● **Task instructions**:
A verbatim copy of the listing is what is needed, minus any pictures.

● **Dataset**:
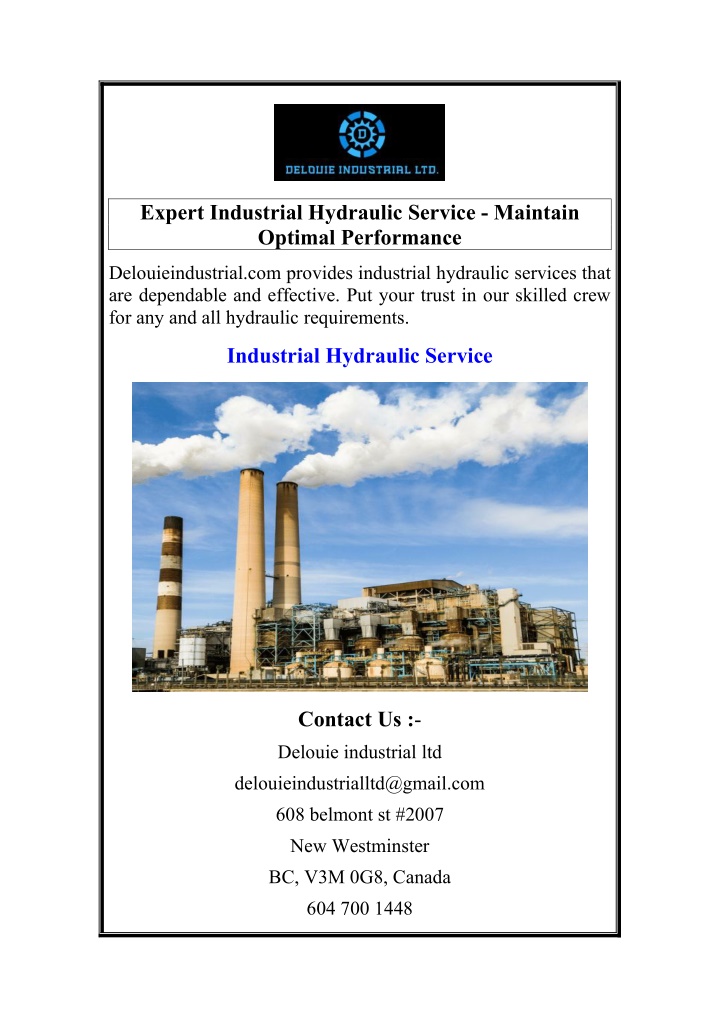 expert industrial hydraulic service maintain n.w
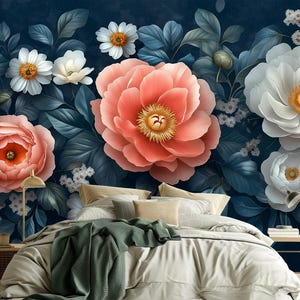 Vintage Peony Floral Wallpaper – Dark Blue Botanical Peel and Stick Mural, Self-Adhesive or Non-Woven Removable Wall Decor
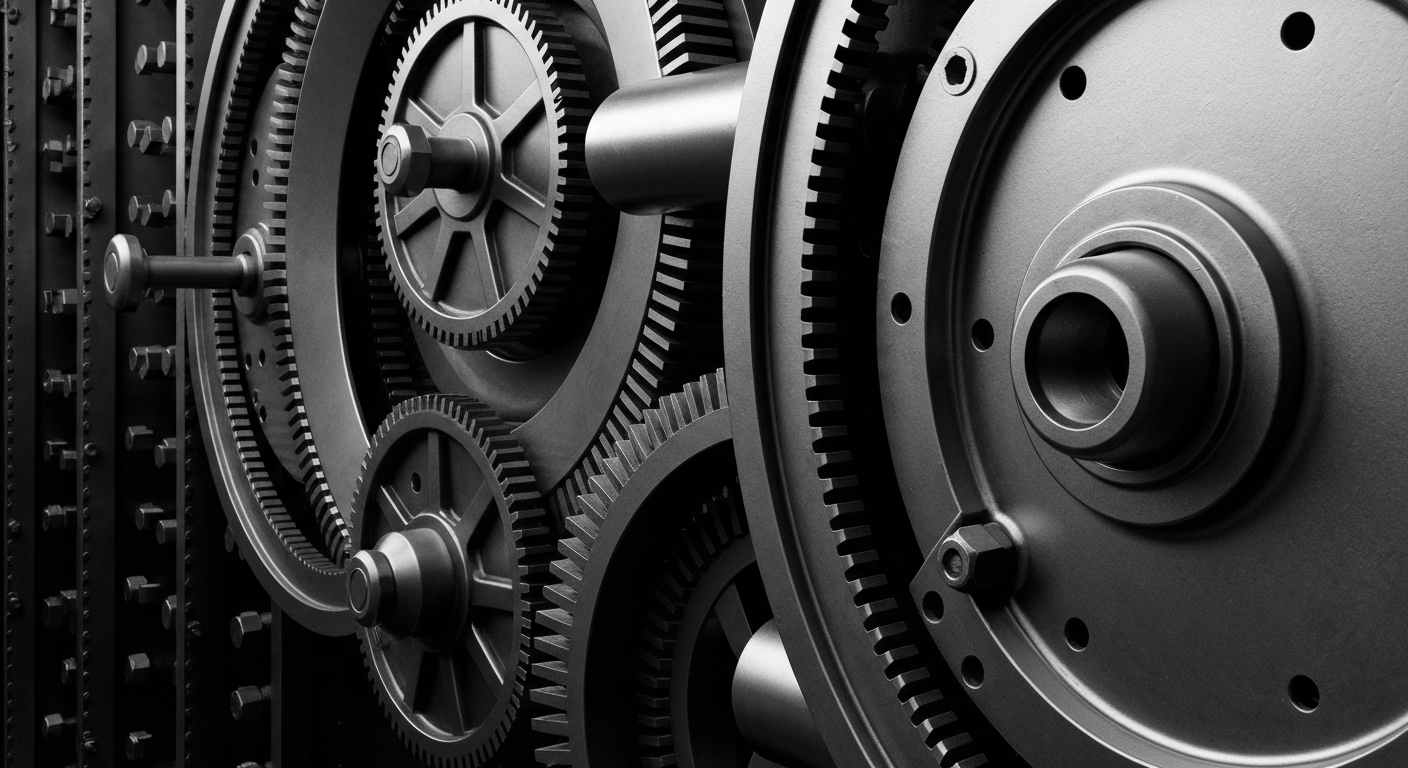 A high-contrast black and white close-up photograph of the heavy, industrial machinery and gears inside a large bank vault or safe deposit box, visually representing the secure storage of wealth and financial assets.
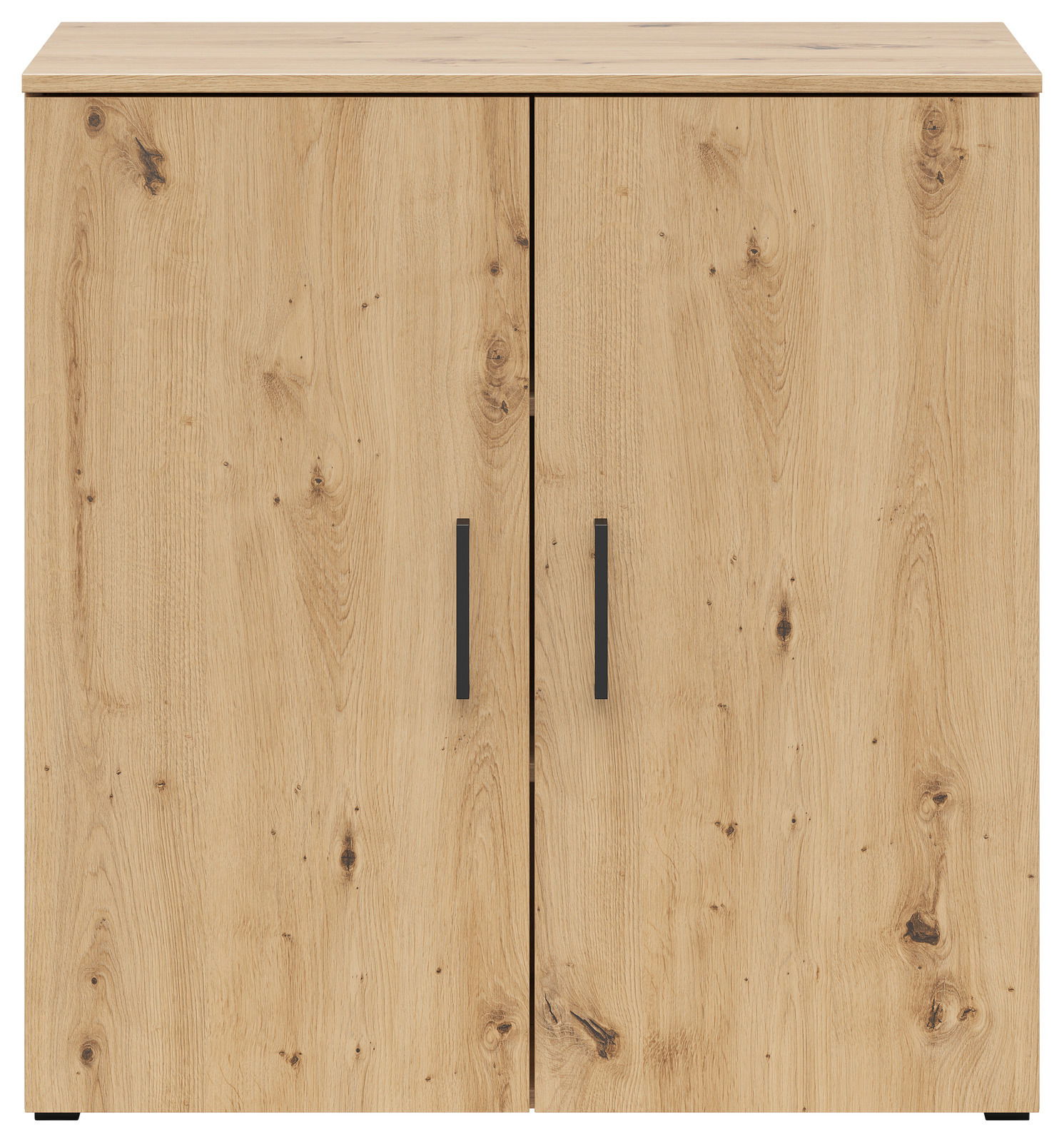 Kommode aus Holz mit zwei Türen und schwarzen Griffen, Frontalansicht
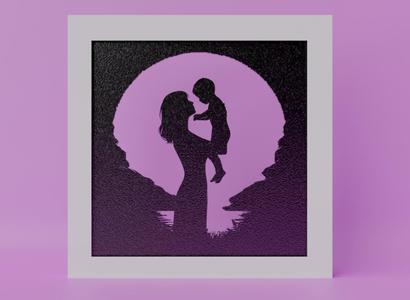 Mother and Child Silhouette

● **Response for this exercise**:
 expert industrial hydraulic service maintain n.w
 Vintage Peony Floral Wallpaper – Dark Blue Botanical Peel and Stick Mural, Self-Adhesive or Non-Woven Removable Wall Decor
 A high-contrast black and white close-up photograph of the heavy, industrial machinery and gears inside a large bank vault or safe deposit box, visually representing the secure storage of wealth and financial assets.
 Kommode aus Holz mit zwei Türen und schwarzen Griffen, Frontalansicht
 Mother and Child Silhouette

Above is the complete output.